##### Data for the task

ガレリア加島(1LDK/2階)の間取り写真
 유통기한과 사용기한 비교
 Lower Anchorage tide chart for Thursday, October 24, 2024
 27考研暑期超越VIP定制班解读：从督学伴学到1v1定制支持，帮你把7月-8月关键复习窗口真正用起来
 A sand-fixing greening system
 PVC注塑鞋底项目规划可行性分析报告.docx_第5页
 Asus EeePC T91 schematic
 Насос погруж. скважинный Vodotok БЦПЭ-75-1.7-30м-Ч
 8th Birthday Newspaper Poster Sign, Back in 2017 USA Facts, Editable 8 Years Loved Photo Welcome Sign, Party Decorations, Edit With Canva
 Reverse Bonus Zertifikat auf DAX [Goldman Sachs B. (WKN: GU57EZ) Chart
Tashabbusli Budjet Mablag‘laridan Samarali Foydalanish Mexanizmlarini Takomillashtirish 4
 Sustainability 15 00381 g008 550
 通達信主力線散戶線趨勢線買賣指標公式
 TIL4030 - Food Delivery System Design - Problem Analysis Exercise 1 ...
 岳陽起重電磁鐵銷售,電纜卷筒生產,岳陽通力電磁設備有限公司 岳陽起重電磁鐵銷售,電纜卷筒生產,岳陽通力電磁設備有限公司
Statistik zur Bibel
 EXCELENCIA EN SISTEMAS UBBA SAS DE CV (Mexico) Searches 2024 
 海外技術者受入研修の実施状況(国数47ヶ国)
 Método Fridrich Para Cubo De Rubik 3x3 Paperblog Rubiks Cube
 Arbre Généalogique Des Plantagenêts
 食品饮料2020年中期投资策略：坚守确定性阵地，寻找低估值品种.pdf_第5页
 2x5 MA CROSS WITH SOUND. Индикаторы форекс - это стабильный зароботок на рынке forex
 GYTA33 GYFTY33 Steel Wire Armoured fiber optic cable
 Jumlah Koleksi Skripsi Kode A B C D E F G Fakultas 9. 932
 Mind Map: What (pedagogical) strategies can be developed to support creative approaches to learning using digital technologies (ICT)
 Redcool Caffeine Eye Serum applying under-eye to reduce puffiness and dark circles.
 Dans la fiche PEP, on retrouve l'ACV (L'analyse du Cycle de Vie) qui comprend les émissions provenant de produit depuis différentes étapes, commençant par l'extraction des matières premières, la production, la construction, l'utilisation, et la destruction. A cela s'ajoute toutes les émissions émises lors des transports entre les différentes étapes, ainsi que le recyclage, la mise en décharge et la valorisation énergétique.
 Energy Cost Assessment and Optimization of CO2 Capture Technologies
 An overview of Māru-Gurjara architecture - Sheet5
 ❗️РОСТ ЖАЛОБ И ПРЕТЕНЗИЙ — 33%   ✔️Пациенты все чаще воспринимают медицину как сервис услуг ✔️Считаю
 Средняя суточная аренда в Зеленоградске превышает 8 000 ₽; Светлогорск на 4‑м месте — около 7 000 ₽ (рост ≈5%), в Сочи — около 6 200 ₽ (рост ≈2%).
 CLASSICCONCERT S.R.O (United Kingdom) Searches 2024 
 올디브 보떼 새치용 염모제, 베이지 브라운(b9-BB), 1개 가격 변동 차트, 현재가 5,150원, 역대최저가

##########

▶ _What this task involves_:
For each line in the entries that holds "Searches", return that line.

▶ _Exercise answer_:
 EXCELENCIA EN SISTEMAS UBBA SAS DE CV (Mexico) Searches 2024 
 CLASSICCONCERT S.R.O (United Kingdom) Searches 2024 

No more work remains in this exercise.